We held our asset mix steady in the quarter after reducing our exposure to equities steadily starting in the spring of last year. Although we have maintained a more cautionary stance towards equities during this volatile period, the inflation protection that equities can provide investors over an economic cycle is appealing to us. While our strategies are in no way immune to recessionary risks, we believe our risk managed approach to investing will be helpful in navigating through recessionary parts of the economic cycle. Within equities, we continue to be circumspect when it comes to business models that benefited from an outsized boom during the pandemic. We have seen some evidence of normalization of corporate earnings in the most recent quarter, but consensus estimates for next year still appear to be too rosy.

We are also mindful of interest rate risk, as the regime of ultra-low interest rates enjoyed over the past decade appears to be no longer. Companies that have haphazardly relied on large amounts of cheap debt are increasingly vulnerable in a rising interest rate environment. For the first time in years, having a strong balance sheet may be a significant strategic advantage. Throughout our portfolios, we own numerous businesses with cash rich balance sheets. For the first time in a long time, they are generating a return on this cash while assessing opportunities for thoughtful capital deployment. Our pooled funds have above average cash weights as we too look to thoughtfully reinvest.

Strength in the US dollar appears to be more of an opportunity than a risk for our Canadian strategies. We own numerous Canadian businesses with US assets. These assets and operations are increasingly more valuable when translated back to Canadian dollars. In our return expectations for equities, we are relying on income growth and return of capital to shareholders. In an environment where interest rates remain elevated compared to the past decade, multiple expansion may be harder to come by, and we are not relying on this as a significant driver for our equity returns. Within our bond strategies, interest rates have risen to a point where they offer greater income than the dividend yield provided from our equity strategies, providing a reasonable stream of income in an unstable world. We also expect that our bonds will provide for more downside protection in the case of further deterioration in economic activity.
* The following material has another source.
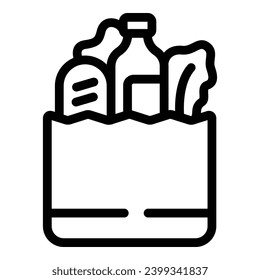 Bolsa con vector de contorno de icono alimentario. Tienda de comestibles. Departamento de supermercados de alimentos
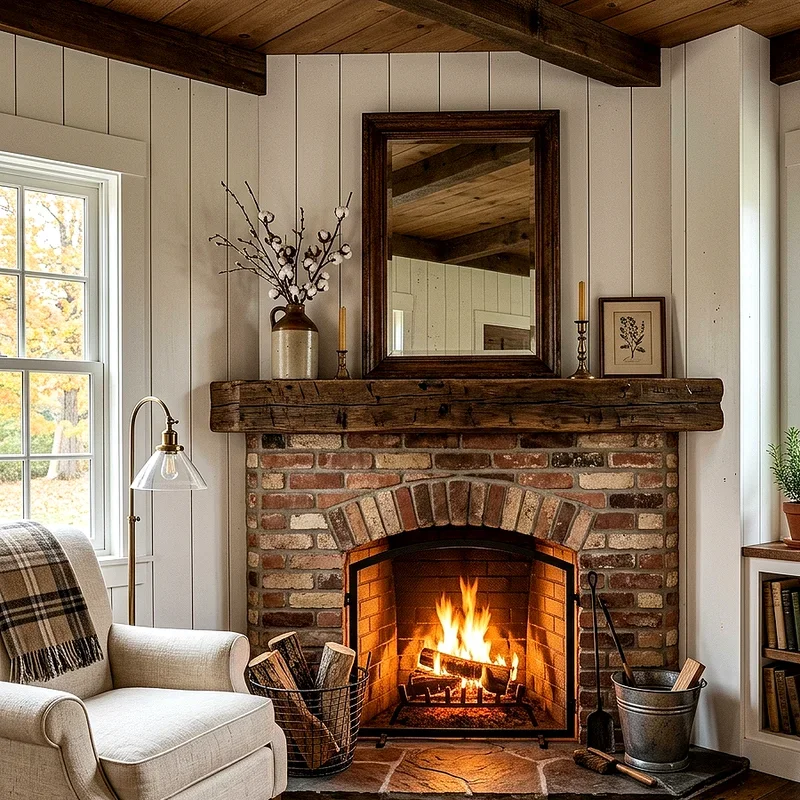 Farmhouse Corner Fireplace Ideas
At our core, QV operates with a risk managed investing framework. We construct portfolios based on the principles of strong balance sheets, valuation support, above average income generation and high quality. Although price declines are not entirely avoidable, retaining more value in challenging periods sets the foundation for long term wealth creation.

All views and projections are the expressed opinion of QV Investors Inc. and are subject to change without notice. This Update is provided for informational purposes only. QV Investors takes no legal responsibility from any losses resulting from investment decisions based on the content of this Update.


Mathew Hermary | Chief Investment Officer

Mathew oversees QV’s investment strategies and makes portfolio decisions for the global equity strategy.